Service Learning Log #1
Friday May 9, 2008: Project Homeless Connect:
My client that I escorted was a 29 year old, Sarah. A mother of 3 boys and currently pregnant with her fourth child: a girl she is expecting in July. I was surprised when I met her because she didn’t look homeless, or at least like the version of what I thought a homeless person would look like. She had her hair combed beautifully, a nice pair of sunglasses sitting on top of her head and cute top that I admired. By looking at her, I never would have guessed she was just coming off the streets a month on a half ago. We skipped breakfast to get through the lines a little bit sooner which was nice since we didn’t have to wait very long in the lines. It was also very helpful how prepared she was. She came with all the documentation and information that she thought would be necessary in obtaining an identification card and birth certificate and had a list of questions that she wanted to ask legal services. She seemed so put together, I couldn’t help but think to myself why she was here.

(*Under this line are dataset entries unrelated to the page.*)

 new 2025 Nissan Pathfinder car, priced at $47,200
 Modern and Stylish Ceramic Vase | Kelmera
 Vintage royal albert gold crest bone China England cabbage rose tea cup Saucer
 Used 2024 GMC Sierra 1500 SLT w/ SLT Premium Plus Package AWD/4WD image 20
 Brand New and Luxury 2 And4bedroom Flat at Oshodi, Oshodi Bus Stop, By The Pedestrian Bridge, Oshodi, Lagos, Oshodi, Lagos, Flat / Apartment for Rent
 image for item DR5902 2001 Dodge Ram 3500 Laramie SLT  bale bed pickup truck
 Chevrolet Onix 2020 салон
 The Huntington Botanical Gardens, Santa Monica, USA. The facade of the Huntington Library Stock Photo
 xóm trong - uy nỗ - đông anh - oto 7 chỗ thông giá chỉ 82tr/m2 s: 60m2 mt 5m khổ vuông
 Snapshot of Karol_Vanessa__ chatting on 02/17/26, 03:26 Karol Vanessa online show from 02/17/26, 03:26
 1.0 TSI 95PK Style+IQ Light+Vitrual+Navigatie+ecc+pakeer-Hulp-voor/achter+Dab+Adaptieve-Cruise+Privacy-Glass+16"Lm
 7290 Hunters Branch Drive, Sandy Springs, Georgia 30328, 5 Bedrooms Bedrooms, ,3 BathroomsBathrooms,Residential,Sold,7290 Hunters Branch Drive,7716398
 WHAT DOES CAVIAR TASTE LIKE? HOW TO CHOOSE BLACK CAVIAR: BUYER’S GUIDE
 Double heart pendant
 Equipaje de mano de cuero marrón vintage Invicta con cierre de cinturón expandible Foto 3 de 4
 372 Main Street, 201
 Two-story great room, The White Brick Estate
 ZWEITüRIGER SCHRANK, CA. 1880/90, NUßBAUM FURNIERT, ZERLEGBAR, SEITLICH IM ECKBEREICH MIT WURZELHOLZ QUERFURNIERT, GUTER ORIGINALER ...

In the video of PHC that we watched in class, one man said that everyone is just one paycheck away from being homeless, and I didn’t really view that as realistic but after talking with Sarah, I learned how quickly life can turn around. Just a year ago she had a house in Lakewood with her boyfriend and her 3 boys. She was planning on opening a boutique and, she had the blueprints and business plan all set to go. Her life seemed to be going just the way she wanted: she had a family and her career was about to take out. But it was not so picture perfect as she was in a physically abusive relationship which ended with her stabbing her boyfriend and going to jail for three months. She was released in favor of the “Make My Day Law” since she was protecting herself from being beat by her boyfriend but in that three month period, her now ex boyfriend sold all of her belongs, stole her identity and took off with her children. It was story that made my eyes tear. Her life took 180 degrees turn in a period of 3 months. For the past year, she was not able to find her children, and said that found no reason to live. She tried to commit suicide but after a few failed attempts she felt that suicide was a selfish way to die. She kept telling me that there was nothing for her in this world without her children and they couldn’t be found anywhere. In that period of 90 days, she lost her family, her home, and her life.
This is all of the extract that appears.